My Zookeeper is controlling a few different queues for different jobs, by holding the relevant job data in each node until the computer is ready to process. If I stop the overall service, such that no jobs can be started ZooKeeper runs just fine after a restart. However, some of these jobs seem to cause ZooKeeper to crash with the following message in the ZooKeeper log:
WARN [NIOServerCxn.Factory:0.0.0.0/0.0.0.0:2181:NIOServerCnxn@349] - caught end of stream exception
EndOfStreamException: Unable to read additional data from client sessionid 0x15677f740ad002a, likely client has closed socket
at org.apache.zookeeper.server.NIOServerCnxn.doIO(NIOServerCnxn.java:220)
at org.apache.zookeeper.server.NIOServerCnxnFactory.run(NIOServerCnxnFactory.java:208)
at java.lang.Thread.run(Thread.java:745)
INFO [NIOServerCxn.Factory:0.0.0.0/0.0.0.0:2181:NIOServerCnxn@1001] - Closed socket connection for client /127.0.0.1:46998 which had sessionid 0x15677f740ad002a
My ZooKeeper knowledge is very limited, as I am taking over from the guy that set it up originally.
I have tried to delete a lot of nodes with rmr [path]
in the zookeeper shell, which seemed to have some effect (deleted 50k+ nodes that was left over/of no use), but it has kept crashing daily, and last night I couldn't get it to run for more than a couple of minutes before the same error/crash would occur.
How do I find out what is causing this?
I am pretty sure it is some general problem with the data that is recieved, or the stored data/nodes.
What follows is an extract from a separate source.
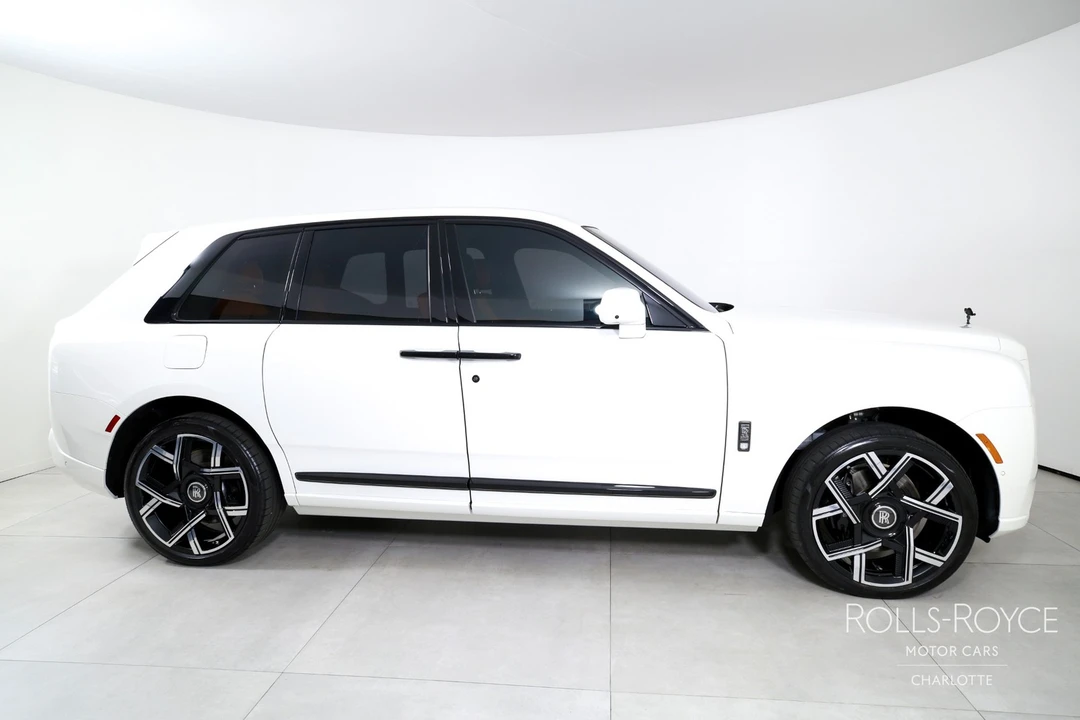2025 Rolls-Royce Cullinan - Image 10 of 31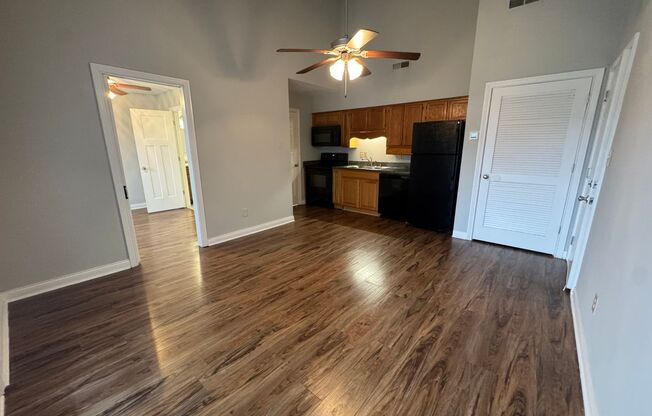1 bed, 1 bath, 408 sqft, $695, Unit 58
The disk is only 92% full. I also found this post: Zookeeper keeps getting the WARN: "caught end of stream exception", but the solution doesn't make much sense to me. Also I am pretty sure that none of the messages kept in my znodes are more than 1MB large, but I am unsure how to confirm this.
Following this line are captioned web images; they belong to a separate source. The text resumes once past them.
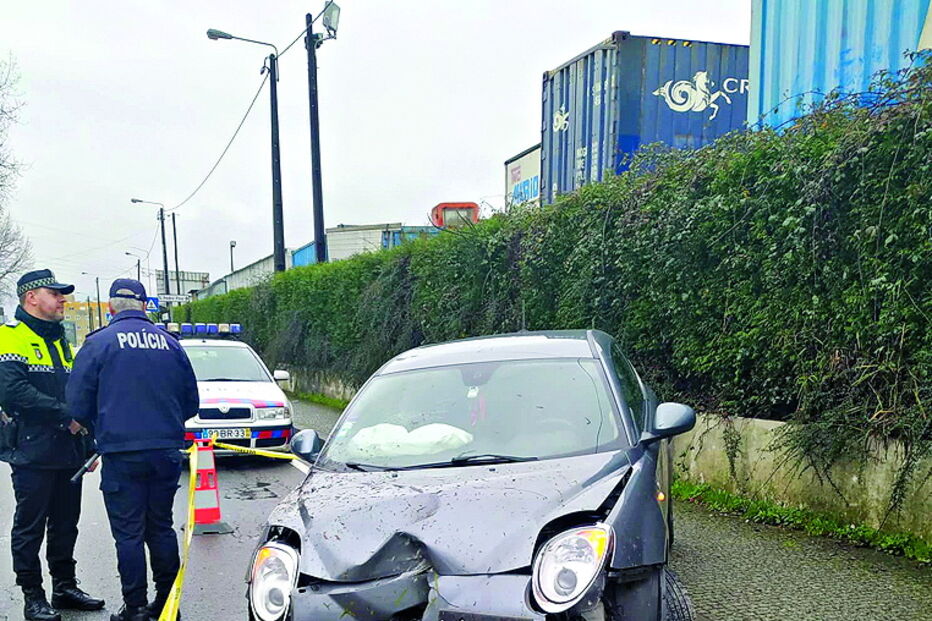 Carro dos ladrões ficou neste estado. Polícia Municipal e PSP foram ao local 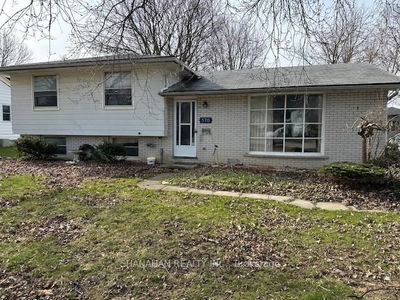 576 Simcoe St, Warwick - Watford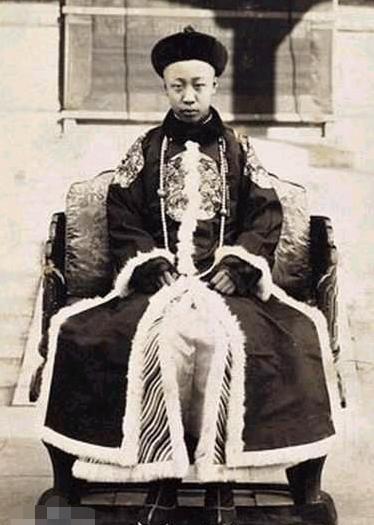 清朝历代帝王顺序表在位时间简介图（一文详解清朝12帝完整排序） 第23张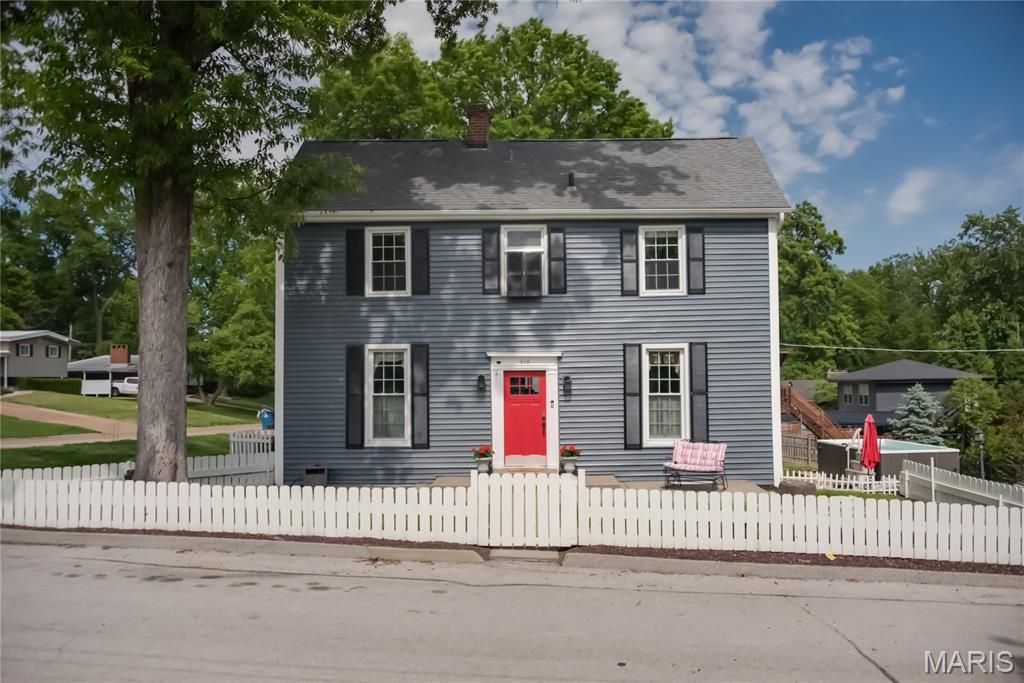 512 Ziercher Street, St Louis, MO 63132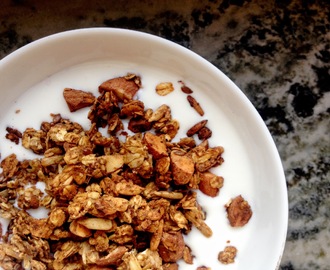 Första adventsfrukost: Pepparkakskryddad Ugnsrostad Musli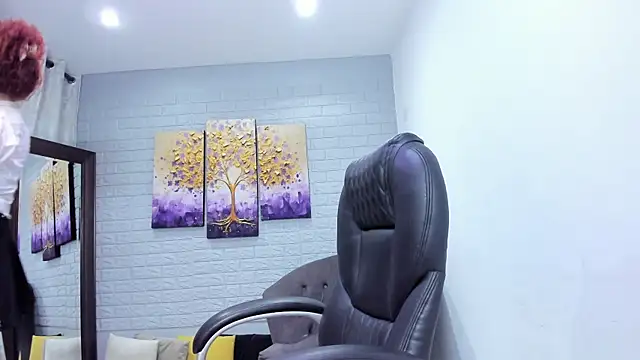 ebbafernandez  online show from 9, 1, 2026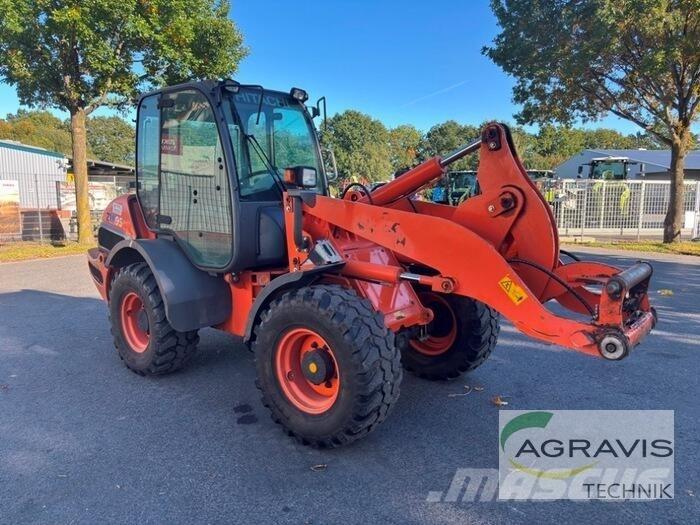 Hitachi ZW 95 Incarcator pe pneuri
Is there some way I can change the ZooKeeper log so that I can print additional information, such as the content/name of the znode it is operating on before it crashes?
I was able to solve the problem by deleting all zookeeper snapshots and log files from the server running ZooKeeper. I don't know why this made a difference, but it has been running fine for the last 22 hours.